By Steve Woodhouse Editor
The Journal Express
---- — The United States House of Representatives failed to pass the Federal Agriculture Reform and Risk Management Act (HR 1947) last week, much to the disappointment of Rep. Dave Loebsack.
“The inability of the House to come together and move a farm bill forward is inexcusable. I have been calling for a farm bill for over a year now. Failure to enact a farm bill means jobs in our rural communities are at risk and cuts to rural and farm initiatives critical to Iowa’s economy are likely. I stood with the entire Iowa delegation to advance this critical legislation for farmers, Iowa’s economy, and families. The Senate was able to find commonsense compromise. The House needs to do the same,” Loebsack said in a statement. “I am deeply concerned with the extreme cuts to anti-hunger initiatives, known as SNAP, that were contained in the bill. Our economy is still struggling to recover and many families rely on this program to put food on the table and ensure their children do not go to school hungry. I was the only member from Iowa to cosponsor an amendment to restore these cuts and fought to have it included in the bill. Today’s vote shows that restoration of SNAP funding is critical to a farm bill being enacted.”
Loebsack said he has been working on this bill for over a year, and believes that now is the time to move the bill along. An amendment to the bill, written by Loebsack to allow farmers access to renewable energy, was included. Loebsack called the bill “imperfect,” but believes it is time to move a bill forward.
Veterans ForumJuly 2
Loebsack is scheduled to be back in Knoxville on Tuesday, July 2, for a veterans’ forum at the VFW at 11:15 a.m. The meeting is open to everyone. This will be a “listening post,” in which he is interested in hearing the concerns about veteran issues, the Department of Defense and the Department of Veterans Affairs, to take back to Washington.
Surveillance and the War on Terror
In light of recent revelations that the US government is collecting phone record data and taking other measures to track communications, including those by American citizens, Loebsack was asked his thoughts on the government doing these things without a warrant.
“We’ve got to protect our individual liberties,” Loebsack said. He said a balance needs to be struck between fighting the war on terror and respecting freedom. Loebsack has been briefed on the PRISM program, which tracks Internet usage, but could not discuss details about the program.
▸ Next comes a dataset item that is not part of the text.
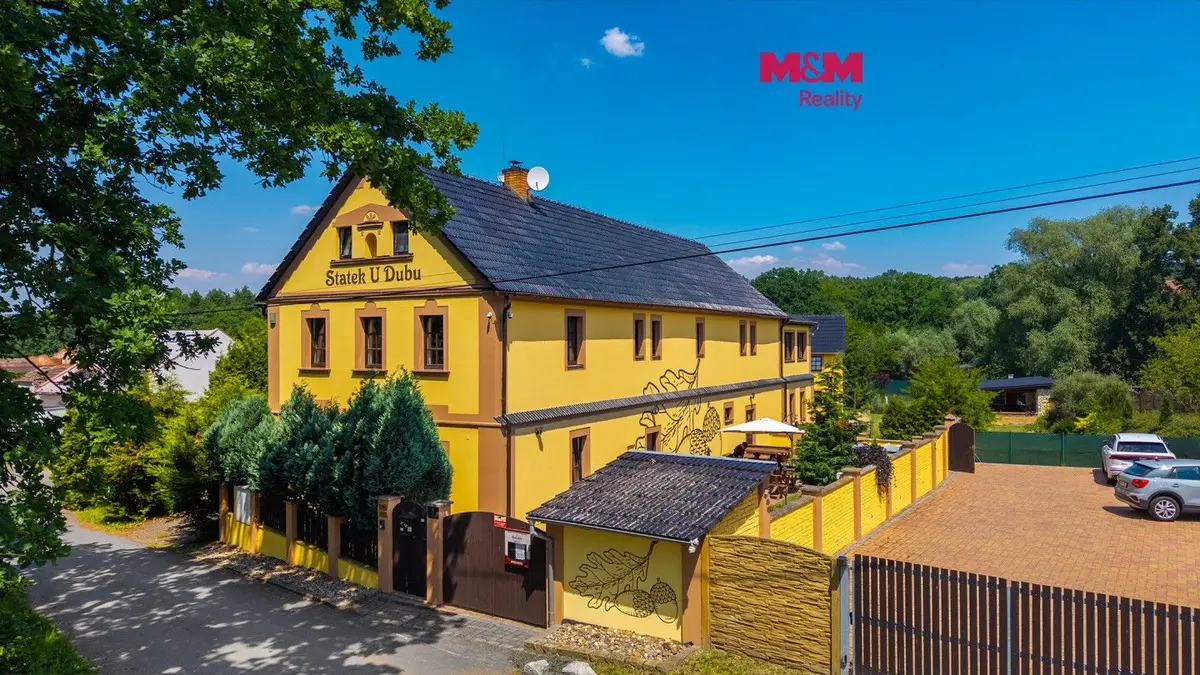 Prodej domu 800 m², Svojetín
“That’s all I can say about it,” Loebsack said. He intends to “stay on top” of these programs and try to protect civil liberties. He does think this is a good time to reevaluate America’s surveillance measures and capabilities.
Loebsack defended the use of some surveillance to track down potential threats. What he did not care for was the scope and breadth of the surveillance, and believes that America’s national security agencies should understand, and respect, the “difference between al-Qaeda and grandma.”
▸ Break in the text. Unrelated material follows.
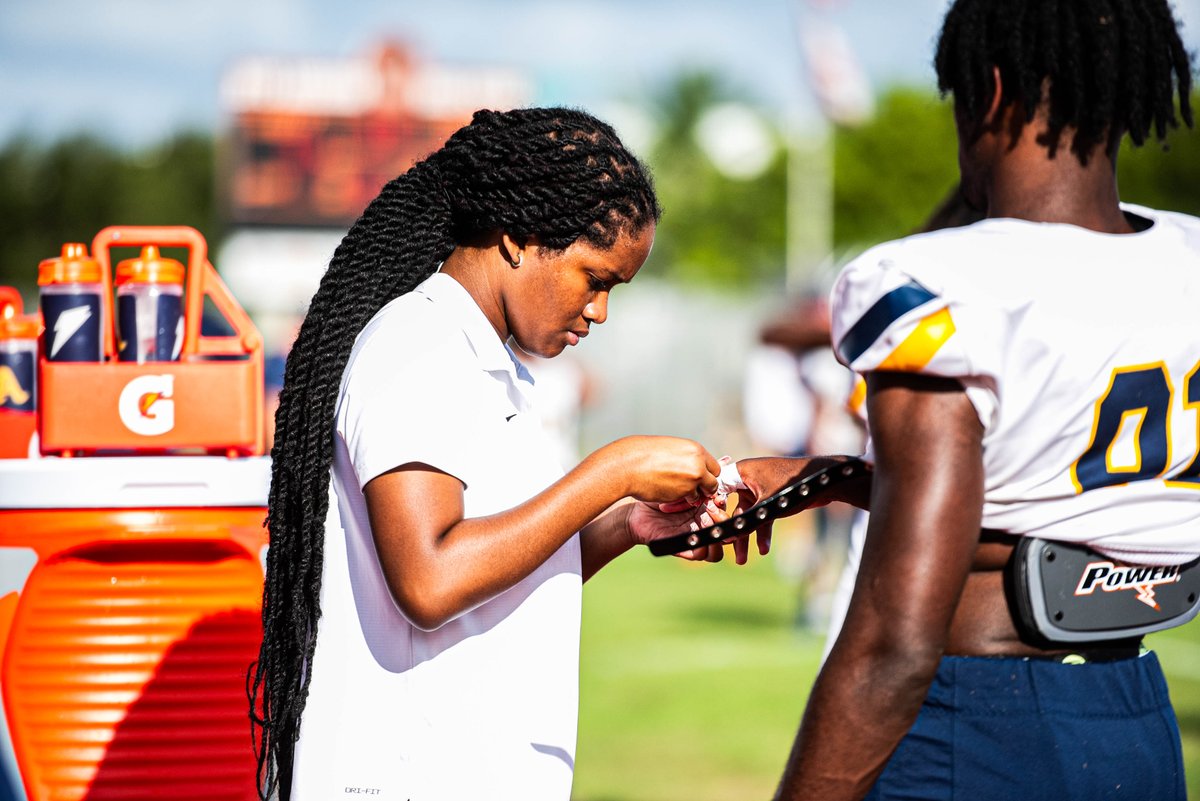 St. Thomas Aquinas tweet media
In staying with the conflict theme, Loebsack was asked about the Obama Administration’s decision to arm Syrian rebels.
“I have a lot of concerns about getting involved in this conflict,” Loebsack said. He believes there should be a full discussion about what the administration is doing. Reports have indicated that some of the Syrian rebels have pledged allegiance to al-Qaeda. According to Loebsack, these groups may not be the ones that will receive American weapons.
“There are a lot of different groups in Syria,” Loebsack said. His primary concern is where the weapons will go, and in whose arms they will fall.